*DIRECTIONS FOR THIS TASK*. All of the data below should come back exactly as written, minus its images.

________________________________________

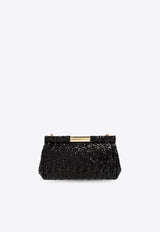 Dolce 
Gabbana Medium Marlene Sequined Shoulder Bag Black BB7620 AR440-80999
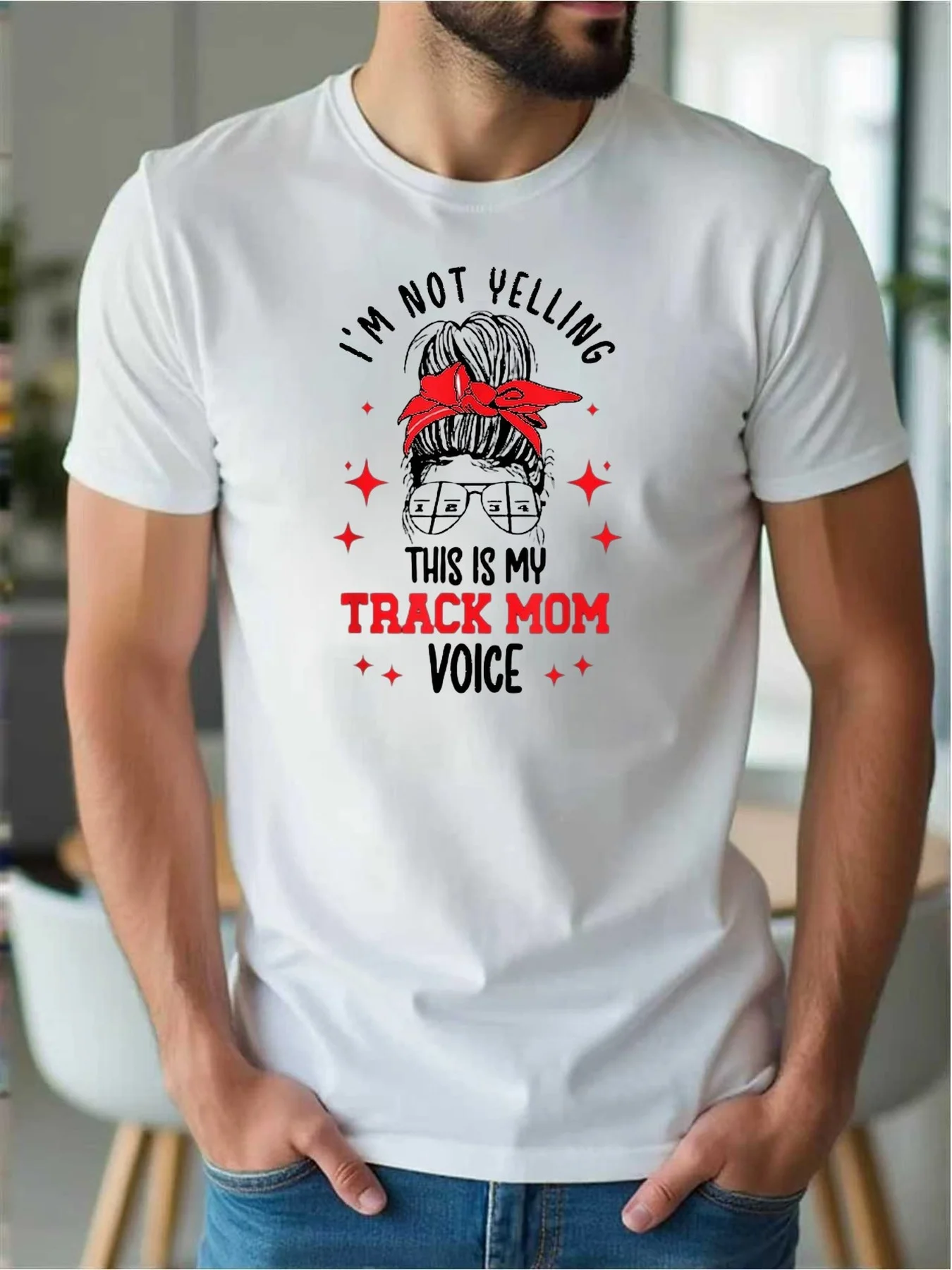 I'M Not Yelling, This Is My Lane. Mommy's Tune T-Shirt for Men, Fun Graphic Design, Red Bow Hairstyle 03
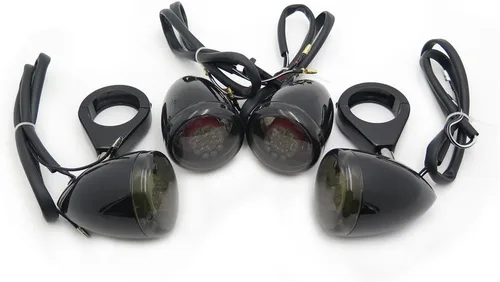 Vista 7 de MT224-013- Kit de Señales de Giro para Motocicleta con Lente Ahumada Compatible con Harley Davidson Bullet LED de 41mm de Abrazadera de Montaje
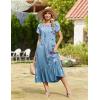 image:imageZeagoo Women Summer Midi A Line Dress Short Sleeve Casual Flowy Tiered Beach Long Sundress with Pockets 2026 Vacation TravelA02blue Floral2
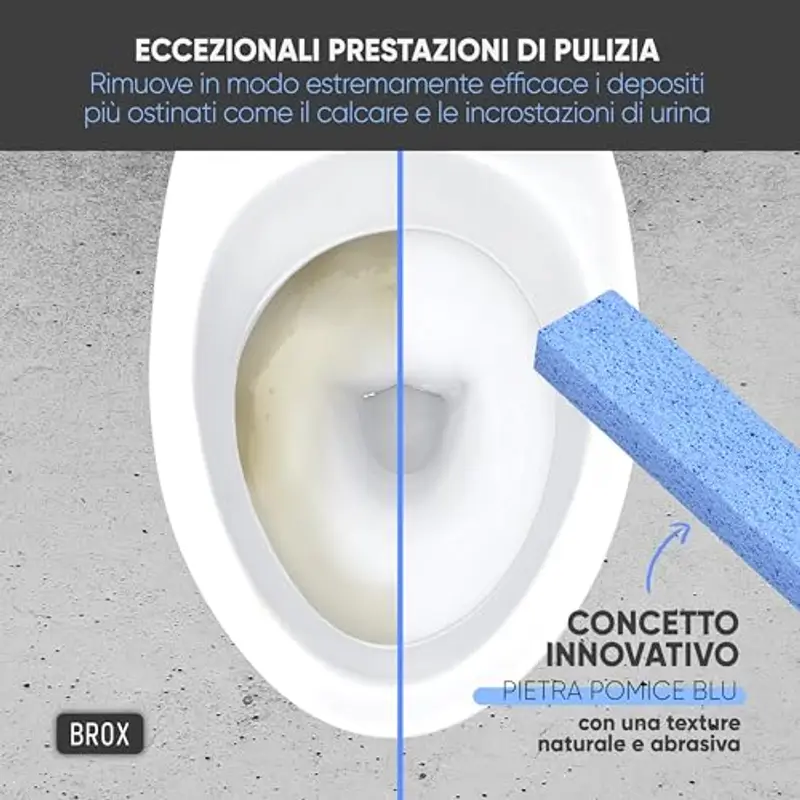BROX Pietra pomice WC Block – Pietra detergente blu (5 pezzi) – Pietra di pulizia miracolosa per bagno, cucina e cura miniatura 2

________________________________________

*YOUR RESPONSE*.
 Dolce 
Gabbana Medium Marlene Sequined Shoulder Bag Black BB7620 AR440-80999
 I'M Not Yelling, This Is My Lane. Mommy's Tune T-Shirt for Men, Fun Graphic Design, Red Bow Hairstyle 03
 Vista 7 de MT224-013- Kit de Señales de Giro para Motocicleta con Lente Ahumada Compatible con Harley Davidson Bullet LED de 41mm de Abrazadera de Montaje
 image:imageZeagoo Women Summer Midi A Line Dress Short Sleeve Casual Flowy Tiered Beach Long Sundress with Pockets 2026 Vacation TravelA02blue Floral2
BROX Pietra pomice WC Block – Pietra detergente blu (5 pezzi) – Pietra di pulizia miracolosa per bagno, cucina e cura miniatura 2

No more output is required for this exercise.